**Activity**
Look below for the line containing "Miss Me White"; write out that line and each one after it to the end, exactly, and nothing else.

[Records from a dataset]
────

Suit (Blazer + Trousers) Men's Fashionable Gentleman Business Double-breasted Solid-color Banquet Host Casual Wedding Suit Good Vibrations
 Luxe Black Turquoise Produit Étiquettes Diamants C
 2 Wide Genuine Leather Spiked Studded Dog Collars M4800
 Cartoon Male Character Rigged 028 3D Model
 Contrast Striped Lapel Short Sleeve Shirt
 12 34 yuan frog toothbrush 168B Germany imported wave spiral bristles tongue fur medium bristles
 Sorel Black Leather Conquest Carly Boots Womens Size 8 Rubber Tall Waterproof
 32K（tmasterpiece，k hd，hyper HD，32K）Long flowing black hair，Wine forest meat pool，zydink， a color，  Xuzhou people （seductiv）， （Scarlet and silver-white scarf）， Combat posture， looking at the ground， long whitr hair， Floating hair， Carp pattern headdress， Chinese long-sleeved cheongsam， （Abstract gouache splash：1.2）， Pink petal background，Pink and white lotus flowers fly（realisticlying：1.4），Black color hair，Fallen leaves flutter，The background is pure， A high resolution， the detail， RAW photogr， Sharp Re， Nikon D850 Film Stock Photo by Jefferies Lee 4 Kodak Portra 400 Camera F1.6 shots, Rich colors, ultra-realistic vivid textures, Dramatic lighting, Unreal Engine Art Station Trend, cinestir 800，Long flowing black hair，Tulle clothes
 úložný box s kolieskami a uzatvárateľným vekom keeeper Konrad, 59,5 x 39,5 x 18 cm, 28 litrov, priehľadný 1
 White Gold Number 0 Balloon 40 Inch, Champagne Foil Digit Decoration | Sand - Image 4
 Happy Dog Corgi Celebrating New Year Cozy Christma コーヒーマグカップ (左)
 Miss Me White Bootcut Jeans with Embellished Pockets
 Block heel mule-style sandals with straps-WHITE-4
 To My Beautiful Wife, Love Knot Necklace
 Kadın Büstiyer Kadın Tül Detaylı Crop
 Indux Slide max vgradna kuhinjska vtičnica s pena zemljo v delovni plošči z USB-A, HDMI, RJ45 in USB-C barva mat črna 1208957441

────

**Exercise solution**
 Miss Me White Bootcut Jeans with Embellished Pockets
 Block heel mule-style sandals with straps-WHITE-4
 To My Beautiful Wife, Love Knot Necklace
 Kadın Büstiyer Kadın Tül Detaylı Crop
 Indux Slide max vgradna kuhinjska vtičnica s pena zemljo v delovni plošči z USB-A, HDMI, RJ45 in USB-C barva mat črna 1208957441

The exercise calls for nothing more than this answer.